The Foreign Exchange Market is a currency trading market. It is open 24 hours a day, 5.5 days a week. This is possible because the market trades electronically.

There are 164 total currencies traded, but 8 major ones. These are the U.S. Dollar, Japanese Yen, Euro, British Pound, and Swiss Frank. The Australian Dollar, Canadian Dollar, and New Zealand Dollar are popular as well.

The leverage on the Forex market is much higher than the stock market. Some brokers offer upwards of 250:1. This gives the trader a greater chance to profit.

The probability of a major currency failing is very slim. A US dollar will fluctuate in value but never completely devalue the way a stock may.

The Stock Market

The stock market consists of stocks of publicly held corporations. It is open 6.5 hours a day Monday through Friday. Approximately 8000 different stocks are traded.

In order to trade on the stock market an investor must have a broker. This broker acts as n intermediary(middleman) and executes the trades. They usually charge fees on top of a commission to make the trade.

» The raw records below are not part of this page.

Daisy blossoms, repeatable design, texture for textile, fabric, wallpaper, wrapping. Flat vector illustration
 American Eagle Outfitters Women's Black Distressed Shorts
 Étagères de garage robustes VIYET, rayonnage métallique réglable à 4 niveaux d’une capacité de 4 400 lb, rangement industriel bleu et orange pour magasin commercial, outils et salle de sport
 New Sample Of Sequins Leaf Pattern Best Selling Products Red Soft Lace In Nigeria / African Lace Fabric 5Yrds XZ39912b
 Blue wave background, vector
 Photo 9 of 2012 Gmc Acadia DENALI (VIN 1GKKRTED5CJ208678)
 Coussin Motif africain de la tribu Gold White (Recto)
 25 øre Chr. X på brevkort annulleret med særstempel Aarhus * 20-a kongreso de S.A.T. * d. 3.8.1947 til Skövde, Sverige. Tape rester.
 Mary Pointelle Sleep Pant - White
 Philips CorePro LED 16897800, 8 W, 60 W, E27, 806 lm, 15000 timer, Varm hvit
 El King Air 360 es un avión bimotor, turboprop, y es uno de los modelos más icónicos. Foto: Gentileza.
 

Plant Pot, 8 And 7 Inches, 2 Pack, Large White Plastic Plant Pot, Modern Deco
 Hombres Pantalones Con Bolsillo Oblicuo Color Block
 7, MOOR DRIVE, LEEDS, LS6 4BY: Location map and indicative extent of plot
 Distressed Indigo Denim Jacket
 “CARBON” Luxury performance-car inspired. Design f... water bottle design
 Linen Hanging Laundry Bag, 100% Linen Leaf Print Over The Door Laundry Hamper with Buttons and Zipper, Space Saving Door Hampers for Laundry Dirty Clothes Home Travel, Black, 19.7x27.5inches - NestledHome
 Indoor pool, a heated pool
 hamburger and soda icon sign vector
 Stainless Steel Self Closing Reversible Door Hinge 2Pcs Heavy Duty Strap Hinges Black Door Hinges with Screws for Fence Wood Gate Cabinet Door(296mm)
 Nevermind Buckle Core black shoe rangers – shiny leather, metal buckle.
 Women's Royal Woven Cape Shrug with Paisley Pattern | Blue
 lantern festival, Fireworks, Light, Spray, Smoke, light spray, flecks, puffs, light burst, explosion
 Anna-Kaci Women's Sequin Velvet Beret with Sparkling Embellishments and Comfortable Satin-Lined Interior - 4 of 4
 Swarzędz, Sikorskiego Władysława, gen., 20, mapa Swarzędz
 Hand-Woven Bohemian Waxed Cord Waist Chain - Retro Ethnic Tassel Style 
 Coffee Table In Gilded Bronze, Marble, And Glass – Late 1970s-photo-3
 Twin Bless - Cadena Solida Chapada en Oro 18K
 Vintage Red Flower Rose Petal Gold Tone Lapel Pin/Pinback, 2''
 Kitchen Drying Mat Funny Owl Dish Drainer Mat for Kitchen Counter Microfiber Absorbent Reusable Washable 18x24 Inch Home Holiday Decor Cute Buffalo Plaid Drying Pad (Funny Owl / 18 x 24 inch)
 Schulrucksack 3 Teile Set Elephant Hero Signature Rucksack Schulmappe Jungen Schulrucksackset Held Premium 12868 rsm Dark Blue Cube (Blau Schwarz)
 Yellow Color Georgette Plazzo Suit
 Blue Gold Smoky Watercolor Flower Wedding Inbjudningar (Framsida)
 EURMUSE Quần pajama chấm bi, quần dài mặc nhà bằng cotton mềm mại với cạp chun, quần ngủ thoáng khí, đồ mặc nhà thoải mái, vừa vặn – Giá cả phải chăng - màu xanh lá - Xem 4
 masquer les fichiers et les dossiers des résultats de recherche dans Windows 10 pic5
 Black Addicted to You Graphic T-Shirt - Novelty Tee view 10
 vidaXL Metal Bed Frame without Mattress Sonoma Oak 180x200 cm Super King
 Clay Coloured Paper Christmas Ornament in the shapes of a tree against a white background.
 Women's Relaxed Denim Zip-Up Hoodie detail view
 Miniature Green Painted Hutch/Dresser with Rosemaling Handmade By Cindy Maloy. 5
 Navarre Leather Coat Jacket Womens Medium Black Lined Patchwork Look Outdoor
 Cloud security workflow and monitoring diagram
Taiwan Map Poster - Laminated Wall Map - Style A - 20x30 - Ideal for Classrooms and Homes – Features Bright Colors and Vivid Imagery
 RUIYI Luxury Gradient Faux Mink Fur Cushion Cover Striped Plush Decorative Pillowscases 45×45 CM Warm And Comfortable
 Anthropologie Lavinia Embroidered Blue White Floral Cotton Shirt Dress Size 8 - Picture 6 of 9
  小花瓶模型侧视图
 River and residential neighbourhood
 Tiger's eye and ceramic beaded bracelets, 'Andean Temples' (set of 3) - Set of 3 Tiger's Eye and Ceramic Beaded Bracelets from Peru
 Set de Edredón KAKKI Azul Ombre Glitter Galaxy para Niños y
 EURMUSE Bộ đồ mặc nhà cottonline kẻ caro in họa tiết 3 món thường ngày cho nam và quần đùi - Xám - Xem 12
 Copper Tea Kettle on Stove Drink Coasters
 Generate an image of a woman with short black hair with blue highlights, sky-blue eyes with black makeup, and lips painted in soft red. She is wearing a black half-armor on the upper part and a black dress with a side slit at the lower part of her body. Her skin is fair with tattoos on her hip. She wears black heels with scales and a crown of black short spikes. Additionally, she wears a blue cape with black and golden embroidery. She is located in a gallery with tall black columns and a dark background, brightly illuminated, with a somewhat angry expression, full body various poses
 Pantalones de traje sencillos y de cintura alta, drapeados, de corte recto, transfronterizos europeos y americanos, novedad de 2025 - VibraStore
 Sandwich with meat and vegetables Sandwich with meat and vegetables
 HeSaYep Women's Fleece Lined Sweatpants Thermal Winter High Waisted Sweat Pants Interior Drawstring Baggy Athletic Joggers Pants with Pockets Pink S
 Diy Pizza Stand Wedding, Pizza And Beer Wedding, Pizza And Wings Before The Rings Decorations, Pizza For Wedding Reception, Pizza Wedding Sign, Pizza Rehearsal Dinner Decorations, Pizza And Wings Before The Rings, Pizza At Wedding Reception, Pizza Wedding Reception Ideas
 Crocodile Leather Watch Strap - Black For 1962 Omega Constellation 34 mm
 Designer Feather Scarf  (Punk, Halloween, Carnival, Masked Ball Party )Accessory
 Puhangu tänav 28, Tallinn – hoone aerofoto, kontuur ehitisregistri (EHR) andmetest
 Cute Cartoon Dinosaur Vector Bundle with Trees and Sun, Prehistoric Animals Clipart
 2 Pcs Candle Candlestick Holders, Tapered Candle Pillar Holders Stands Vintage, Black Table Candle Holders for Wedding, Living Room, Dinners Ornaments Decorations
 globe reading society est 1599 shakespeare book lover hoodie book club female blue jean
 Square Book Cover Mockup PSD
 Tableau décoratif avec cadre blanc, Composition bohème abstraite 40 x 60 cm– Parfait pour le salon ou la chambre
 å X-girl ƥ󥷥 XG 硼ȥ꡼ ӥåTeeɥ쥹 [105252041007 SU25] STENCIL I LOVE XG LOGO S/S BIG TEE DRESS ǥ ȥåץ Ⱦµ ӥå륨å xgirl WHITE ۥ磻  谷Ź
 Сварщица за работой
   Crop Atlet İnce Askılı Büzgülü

There is no capital requirement to trade stocks per se. A trader must be able to afford the stock and the commissions to purchase it. If a trader wants to open a margin account $2500 is the minimum deposit. A margin account uses money loaned by the bank for trading.

This can be risky because stocks can fail suddenly before a trader can act. Their trade volume may decline rapidly and stagnate the stock. Remember what is borrowed must be paid back.

There are government restrictions on stop orders and short selling.